しかし、瀧山が推す、家定が14代将軍に就くことになりました。
天璋院と瀧山、和解する?
女同士を扱った、大奥のドラマなら、天璋院と瀧山の、丁々発止としたやりとりが面白いのですが、男女逆バージョンでは、二人が親友っぽくなっており、これはこれで面白い。
どちらも美形なので見応えあります。
では実際どうだったのかというと、特に仲直りした、とかそういう話は出てきていません。
それでも、徳川慶喜が大政奉還したのち、大奥内部を整理する役目を二人揃って行いました。
考えてみれば二人の共通点は多いです。
次期将軍に推した相手こそ違いますが、どちらも徳川家の存続を願っていました。
天璋院は薩摩出身で、気が強く、意思がはっきりした女性でした。
そして、徳川家に尽くそうと思うほどに義理堅い人物です。
そして、瀧山はというと、しっかりしていて仕事第一の人物。
徳川に尽くそうと思っている。
と、似たところが多くどちらも行動的でぶれない性格なので、お互いがぶつかったのかと思われます。
天璋院と和宮
天璋院と和宮、言っていれば姑と嫁との間柄です。
第13代将軍 家定の正室だったのが天璋院、和宮の夫 家茂は家定の後継者だったから、天璋院にとっては息子も同然です。

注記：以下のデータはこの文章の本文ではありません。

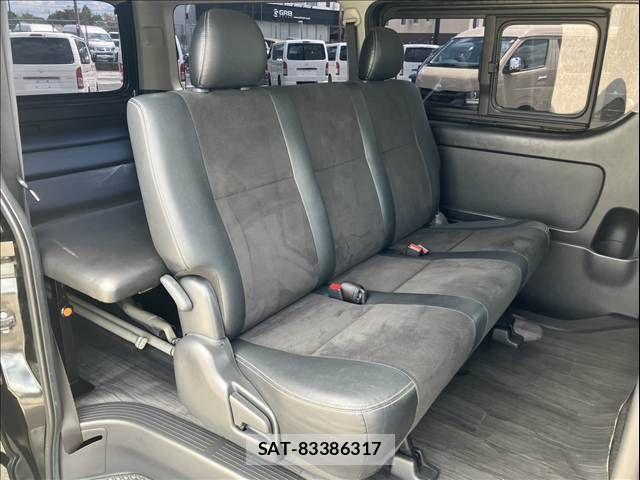 Toyota HIACE VAN 2017-10 8563854-14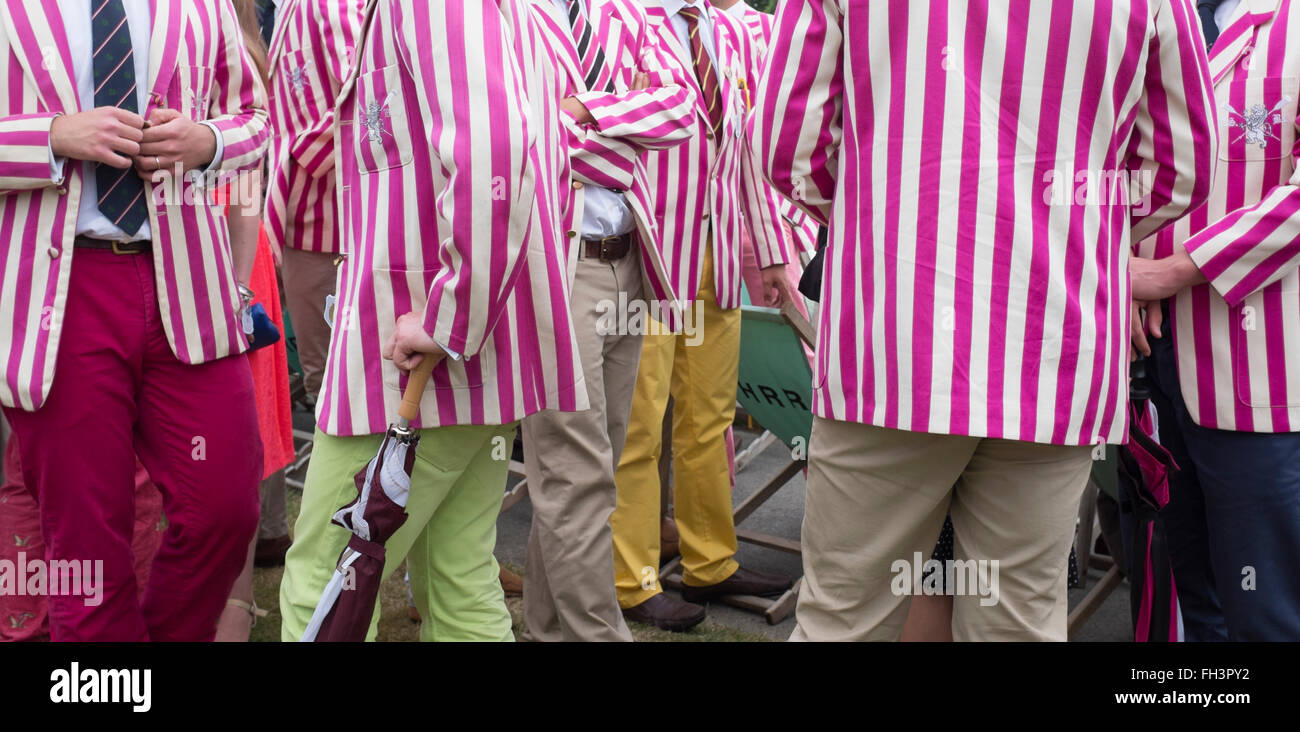 I rematori da Abingdon School, indossando il proprio distintivo giacche, si mescolano con la folla a Henley Royal Regatta. Foto Stock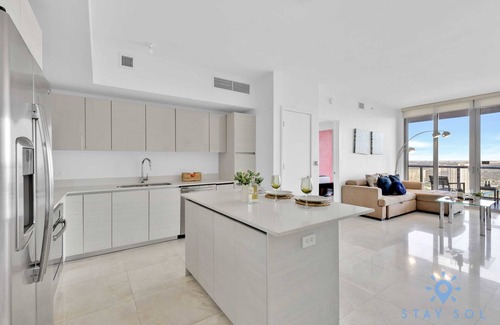 Hallandale Beach Apartment | Breathtaking 31st Fl, Amazing Pool, Penthouse View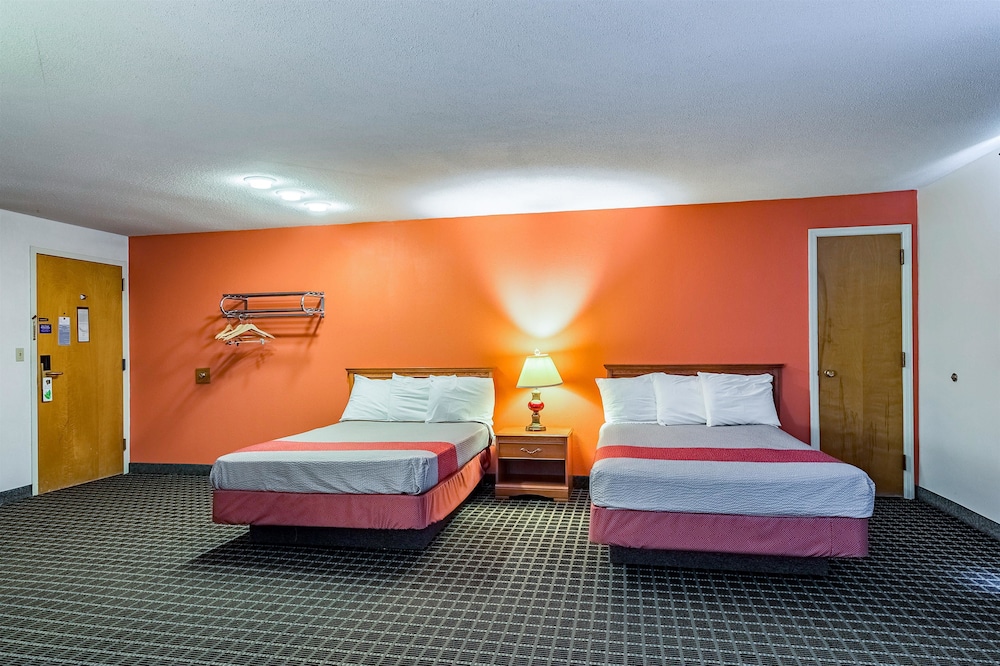 Motel6 Grand Rapids, MI - Northeast 10/49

しかし、和宮は、当時の天皇(孝明天皇)の妹・・・・ということで自分の方が身分が上、と思っていたような振る舞いをします。
江戸時代の身分制度では、朝廷・公家の方が武士よりも身分が上、でしたから。
どうしても和宮は天璋院に対し上から目線になります。
天璋院の方も、和宮にはどことなく近づきにくい雰囲気。
そこで、江戸風のしきたりになれない和宮に対し、天璋院はどうしても、不満を持ちます。
しかし、時が経つと、和宮・家茂 夫婦は仲が良いということに気づき、その時から、和宮に対する見方が変わります。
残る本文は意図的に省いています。